A succession plan for your business can often be a forgotten component of planning for the future. But it’s an essential step to ensure that your business continues to succeed and the legacy you’ve worked your life to build lives on.
— Sandy Young
Vice President, Wealth Management / Trust
TheBANK of Edwardsville
As a business owner, you’ve invested so much into making your business successful – hard work, time, money, energy.
It’s truly hard to imagine your business without you. But chances are there will come a day when someone else will take the reins. And a seamless succession plan, one carefully and thoughtfully devised well in advance, is essential to making sure your business enjoys continued success for generations to come.
Harder Than It Sounds
The facts are a bit grim. Only 30% of privately held businesses survive into the second generation, and less than 15% survive into the third, according to Nuveen Investments. A well-planned transition strategy can help you avoid this common pitfall.
For many hardworking business owners, succession planning represents the notion they can be replaced – a pretty uncomfortable scenario. Perhaps that explains why only 3% of business owners surveyed for the 2011 U.S. Trust Insights report on Wealth and Worth had formal succession plans as part of their estate-planning documents.
But in the manner estate planning helps protect your loved ones and assure your wishes are carried out as you intend, a succession plan does the same for your business if for any reason you are no longer there. In short, it safeguards your legacy.
A thorough succession plan considers not only your exit from the business, but also your retirement needs and personal estate. It provides for an orderly transition of management and the passing of control of the business. It also avoids the potential pitfalls of loved ones having to make difficult decisions during stressful times, or leaving the future of your business to happenstance.
Did you know?
Drafting a succession plan now can help your business stand the test of time.
And it’s never too early to start thinking things through. And it’s never too early to start thinking things through.
With your professional advisors, consider these questions:
- How can you protect your business and benefits in order to hedge catastrophe and ensure future continuity?
- With retirement on the horizon, how can you gracefully exit the business and realize the maximum value for your hard work?

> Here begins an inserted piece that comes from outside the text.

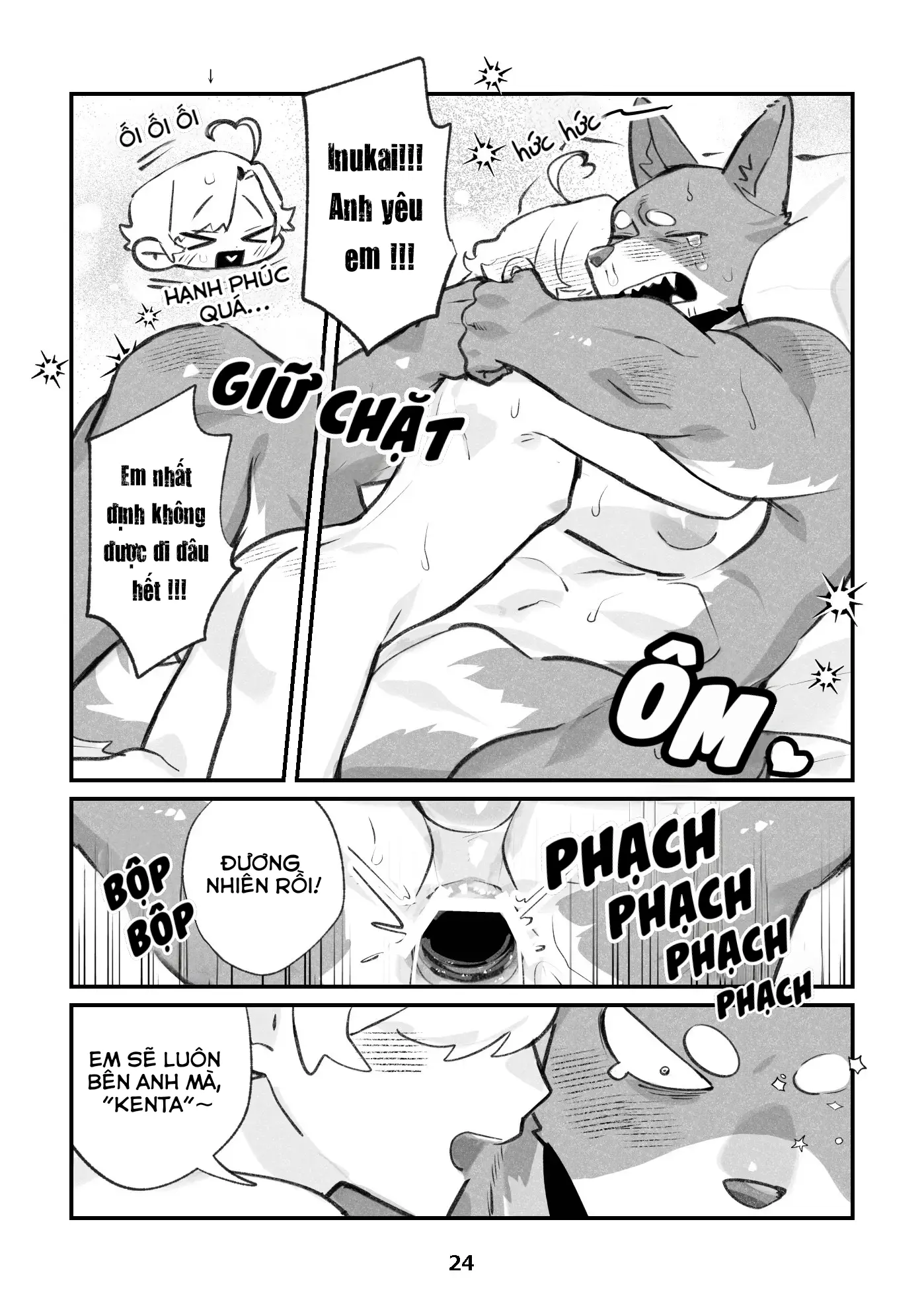 Inukei No R18 - Inukei No R18 trang 23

- What if something happened to you unexpectedly? Have you created an effective contingency plan that protects your staff and customers?
You may want to groom an heir from within the family, groom someone outside the family, consider an outright sale, or have an expert take over until your chosen heir is old enough or fully prepared. Any one of those scenarios takes time to develop.
The financial implications of business succession are complex, but you and your financial advisor can tap into several strategies to help you refine your plan.Here are a few examples:
- Sale to Intentionally defective grantor trust (IDGT) – Don’t let the name throw you off. A sale to an IDGT is a sophisticated planning strategy to transfer assets from one generation to another, while minimizing income, estate and gift tax liabilities. Families with closely held businesses structured as partnerships or S corporations may find it particularly helpful as they smooth transfers to your heir without incurring gift or capital gains taxes on the sale and shift the value of the assets out of the grantor’s estate.
- Grantor retained annuity trust (GRAT) – A GRAT can help insulate assets that you expect to appreciate significantly from being overly taxed, and can create a meaningful difference in net proceeds for business owners contemplating a sale or transfer. This is one technique that can transfer wealth with little practical impact on the underlying transaction, yet with substantial wealth transfer results.
- Self-canceling installment note (SCIN) and intra-family loan – When you use an SCIN to finance the sale of your business interest, the buyer promises to make payments of portions of the sale price to you for a specified period of time. If the seller dies before payment in full on the note, the note is cancelled and no further payments need to be made to the seller’s estate or beneficiaries. Selling a business interest to a family member in a lower tax bracket using an SCIN may allow for a reduction in overall family tax liability. An intra-family loan can be used in coordination with an SCIN.
Putting a plan in place means you and your business are prepared come what may, even in the case of disability or an untimely death. But it’s not just about being prepared in an emergency. It’s about sustainability.
While these can be difficult conversations to have with family members and business associates, they can actually bring comfort – knowing everyone is on the same page when it comes to the future success of your business.